Megan Hayes-Golding’s Clue tweet

A tweet from Megan Hayes-Golding led to some fun:

The fun was that the very next day my sister had a first guess win playing Clue with the kids:

On our way out to eat last night the kids were wondering what the probability of a first guess win was!

They told me that she had three cards in her hand, but didn’t know what they were. Today we worked out the probability – turns out to be roughly 1 in 200.

  

This is a great problem for kids and a really nice way to reinforce some basic counting ideas.

Here’s a sketch of how we worked it out:

(1) Step 1. How many different three card hands are there? In Clue there are 6 suspect cards, 6 weapon cards, and 9 room cards, for a total of 21 cards.
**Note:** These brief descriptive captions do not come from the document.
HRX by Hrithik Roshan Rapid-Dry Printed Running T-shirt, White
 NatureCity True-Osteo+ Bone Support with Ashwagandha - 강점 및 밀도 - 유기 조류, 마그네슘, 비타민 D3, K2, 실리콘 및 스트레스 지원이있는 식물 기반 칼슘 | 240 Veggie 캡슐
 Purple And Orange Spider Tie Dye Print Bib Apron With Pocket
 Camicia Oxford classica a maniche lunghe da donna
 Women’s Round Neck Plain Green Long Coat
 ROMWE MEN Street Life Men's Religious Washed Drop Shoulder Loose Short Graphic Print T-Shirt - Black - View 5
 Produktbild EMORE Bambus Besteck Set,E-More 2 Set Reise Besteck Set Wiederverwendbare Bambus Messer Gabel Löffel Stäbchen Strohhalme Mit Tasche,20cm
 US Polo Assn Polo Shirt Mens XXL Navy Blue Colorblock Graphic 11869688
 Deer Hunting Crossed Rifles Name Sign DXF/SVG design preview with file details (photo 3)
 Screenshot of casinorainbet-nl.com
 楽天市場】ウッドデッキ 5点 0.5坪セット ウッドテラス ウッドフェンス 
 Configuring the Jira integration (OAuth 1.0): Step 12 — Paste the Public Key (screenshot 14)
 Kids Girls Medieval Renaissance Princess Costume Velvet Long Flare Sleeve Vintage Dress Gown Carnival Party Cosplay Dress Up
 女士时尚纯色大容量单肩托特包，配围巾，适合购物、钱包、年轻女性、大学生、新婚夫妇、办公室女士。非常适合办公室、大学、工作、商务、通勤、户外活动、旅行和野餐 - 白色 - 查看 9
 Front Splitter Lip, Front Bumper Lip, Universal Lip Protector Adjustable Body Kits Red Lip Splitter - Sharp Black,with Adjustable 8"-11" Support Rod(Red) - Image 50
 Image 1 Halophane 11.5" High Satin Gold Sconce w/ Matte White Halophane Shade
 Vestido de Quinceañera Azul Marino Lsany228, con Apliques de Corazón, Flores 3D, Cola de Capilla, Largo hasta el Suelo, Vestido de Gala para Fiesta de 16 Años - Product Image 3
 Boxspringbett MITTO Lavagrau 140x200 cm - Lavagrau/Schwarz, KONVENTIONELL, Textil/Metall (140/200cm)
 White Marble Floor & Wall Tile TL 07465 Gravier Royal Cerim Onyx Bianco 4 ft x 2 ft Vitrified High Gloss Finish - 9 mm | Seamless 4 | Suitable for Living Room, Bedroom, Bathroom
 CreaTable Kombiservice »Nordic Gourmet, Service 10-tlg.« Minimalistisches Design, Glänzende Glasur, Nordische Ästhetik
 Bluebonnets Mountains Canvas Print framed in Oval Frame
All of the cards are distinct, so we computed that there were 1,330 different 3 card hands ( 21 choose 3).

(2) Step 2. Compute the different kinds of three card hands, and how many of each type of hand there is. For example, we found that there were 324 3-card hands with 1 suspect, 1 weapon, and 1 room card.

After we found all of the different types of hands we double checked that this way of counting the hands also led to 1,330 different 3 card hands. It was nice to have a way to check that we’d not made any mistakes (yet!).

(3) Next we found the probability of a first guess win with each type of hand. For example, the probability of guessing right on your first guess if you have 1 suspect card, 1 weapon card, and 1 room chard is (1/5)*(1/5)*(1/8).

In case you aren’t familiar with the game, you are trying to determine who committed a crime, in what room, and with what weapon. The cards revealing this information are in an envelope at the center of the board. Each card you hold tells you a particular person / item / room that was not involved in the crime. So, if you hold exactly 1 suspect card at the beginning of the game, you have 5 suspects remaining who may have committed the crime.

(4) Finally, we found the average probability from all 1,330 cases and found that it was:

3,047,827 / 603,288,000 which is about 1 in 200 🙂

You can see on the paper that we made one arithmetic mistake computing this average. We accidentally entered 81/10 instead of 81/50 in the calculation. That error led to us computing a probability of about 1 in 100, but that answer didn’t make sense because all of the individual probabilities were less than 1 in 100, so the 1/100 couldn’t have been the average.

So, a fun project and an amazing coincidence with the earlier tweet. I think this would be a great activity for a stats class. It is also a nice basic counting example, too.